Friday, May 14, 2010

Knez is Bohemian

I am Bohemian, not Czechoslovakian.

The Romans gave the name Bohemia to an area in Eastern Europe occupied by a Celtic tribe (the Boii) who were displaced by a race of people called Czechs in the first centuries of the Christian Era in that long sweep of migration and settlement generally referred to as the barbarian invasions.

Bohemia, apparently at times a kingdom and at others a principality, enjoyed a few centuries of independence here and there, but it was mostly in and out of the control of other empires, notably the Moravians, the Holy Roman Empire, and Austria-Hungary.
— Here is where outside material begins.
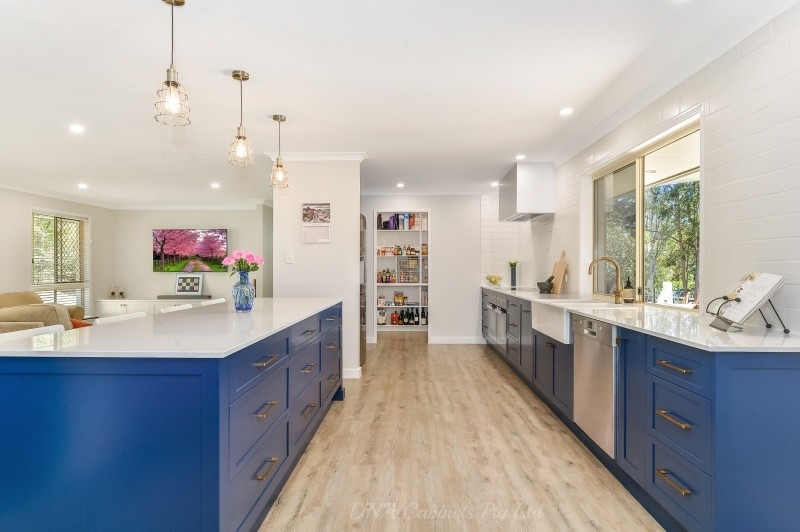 This is an example of a transitional galley eat-in kitchen with a double-bowl sink, blue cabinets, stainless steel appliances and with island.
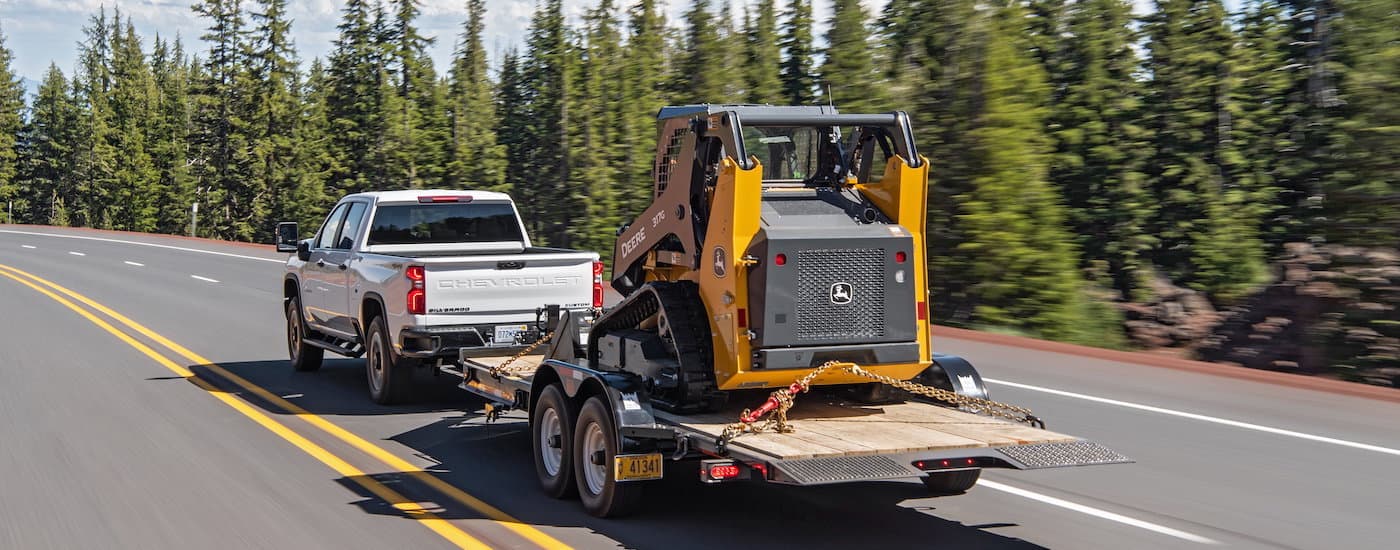 A white 2020 Chevy Silverado 2500HD is shown towing heavy machinery.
After the Habsburgs were defeated in World War I, their Austro-Hungarian Empire was broken up and several new countries created out of it. What had once been Bohemia, Moravia, and Slovakia were amalgamated into the new nation of Czechoslovakia.
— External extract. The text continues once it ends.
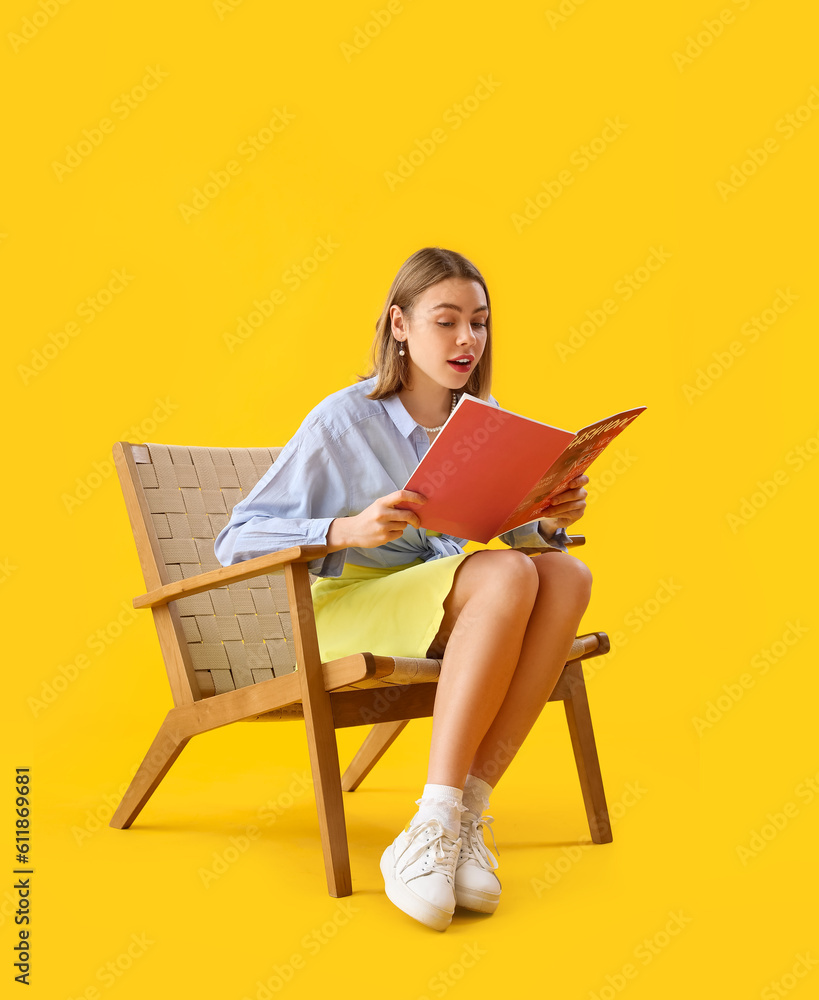 Young woman reading magazine in wooden armchair on yellow background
After World War II, Czechoslovakia, along with all the other Eastern European countries, fell under the influence of Communist Russia and remained under their control until the dissolution of the Soviet Union. In 1993, the Czechs and Slovaks agreed to divide the country in two. Slovakia was reestablished, and that part of Czechoslovakia that had been Bohemia and Moravia was renamed the Czech Republic.
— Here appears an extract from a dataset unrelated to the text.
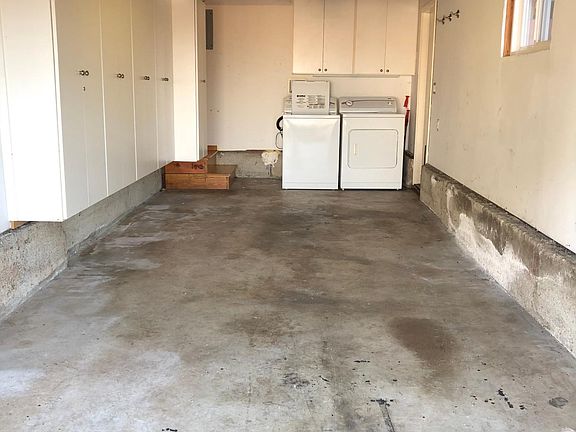 garage with extra storage above. Washer/Dryer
There are a number of places in the United States with significant populations of persons of Czech or Bohemian descent. Iowa and Wisconsin both have such enclaves, and so does Chicago. Many of these people refer to themselves as Czech or Czechoslovakian.

Czech can be thought of as an ethnicity and Bohemian as a nationality, so it is not necessarily incorrect to refer to me and my family as Czech. It is very incorrect, however, to call us Czechoslovakian since Czechoslovakia had not even been invented yet when my grandparents immigrated to the United States in the first decade of the Twentieth Century.

My family and their cronies in the Chicago area referred to themselves as Bohemians, called their language Bohemian, and named things for that place – my grandfather's Odd Fellows lodge was called Bohemia Loze (Bohemian Lodge), and he is buried at Bohemian National Cemetery in Chicago.

Proud to be Bohemian, I am. I'm not Czechoslovakian.